◆ TASK PROMPT ◆
For each line of the data below, test for "دراجه". Report only the number of lines that pass.

Top of RECORDS FOR THIS TASK

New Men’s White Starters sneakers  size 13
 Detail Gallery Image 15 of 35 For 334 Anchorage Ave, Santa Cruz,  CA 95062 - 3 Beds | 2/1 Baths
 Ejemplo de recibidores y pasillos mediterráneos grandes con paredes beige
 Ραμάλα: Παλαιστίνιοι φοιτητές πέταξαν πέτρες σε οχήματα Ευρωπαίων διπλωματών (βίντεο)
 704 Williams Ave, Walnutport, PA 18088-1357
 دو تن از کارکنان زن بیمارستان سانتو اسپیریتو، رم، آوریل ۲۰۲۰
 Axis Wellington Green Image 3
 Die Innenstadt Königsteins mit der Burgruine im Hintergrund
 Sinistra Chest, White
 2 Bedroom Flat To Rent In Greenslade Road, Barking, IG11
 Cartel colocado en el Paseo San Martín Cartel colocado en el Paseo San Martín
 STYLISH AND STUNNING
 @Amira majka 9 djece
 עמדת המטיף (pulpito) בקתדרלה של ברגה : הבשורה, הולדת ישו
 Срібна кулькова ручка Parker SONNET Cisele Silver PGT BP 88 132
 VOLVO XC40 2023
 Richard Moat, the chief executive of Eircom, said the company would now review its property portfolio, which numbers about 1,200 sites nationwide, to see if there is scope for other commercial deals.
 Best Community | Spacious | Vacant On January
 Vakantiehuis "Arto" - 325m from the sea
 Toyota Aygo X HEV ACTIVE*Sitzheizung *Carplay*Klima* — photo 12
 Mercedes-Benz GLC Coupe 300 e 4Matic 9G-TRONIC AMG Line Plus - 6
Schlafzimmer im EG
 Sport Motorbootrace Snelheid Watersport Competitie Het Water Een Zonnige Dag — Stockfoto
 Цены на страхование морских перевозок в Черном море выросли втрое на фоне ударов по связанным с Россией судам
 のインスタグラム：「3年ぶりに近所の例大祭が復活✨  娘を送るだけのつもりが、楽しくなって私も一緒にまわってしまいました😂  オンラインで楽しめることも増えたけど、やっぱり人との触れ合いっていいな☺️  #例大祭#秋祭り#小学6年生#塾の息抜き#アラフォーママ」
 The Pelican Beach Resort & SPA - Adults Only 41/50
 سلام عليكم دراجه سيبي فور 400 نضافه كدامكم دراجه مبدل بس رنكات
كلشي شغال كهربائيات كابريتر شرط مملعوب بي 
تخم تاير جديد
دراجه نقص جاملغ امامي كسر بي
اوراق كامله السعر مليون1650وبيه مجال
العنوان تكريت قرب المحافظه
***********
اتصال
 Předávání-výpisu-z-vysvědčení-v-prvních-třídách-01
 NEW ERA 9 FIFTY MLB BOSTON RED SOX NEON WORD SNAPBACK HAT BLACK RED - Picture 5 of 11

Bottom of RECORDS FOR THIS TASK

◆ RESPONSE TO THE TASK ◆
2